▼

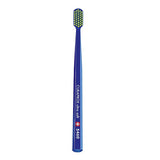 Furçë dhëmbësh Curaprox Ultra Soft CS5460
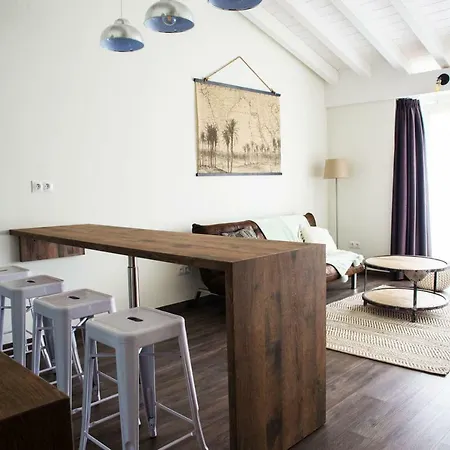 Estela De Altamira * Santillana del Mar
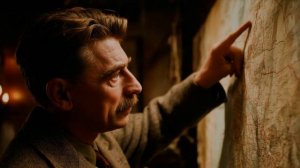 video_232 СТАЛИН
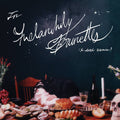 Japanese Breakfast - For Melancholy Brunettes ( & Sad Women)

▲

_What needs to be done_:
Leave the pictures out, and please copy only the lines from the one with "video_232 СТАЛИН" through the end of the listing.

_Task solution_:
 video_232 СТАЛИН
 Japanese Breakfast - For Melancholy Brunettes ( & Sad Women)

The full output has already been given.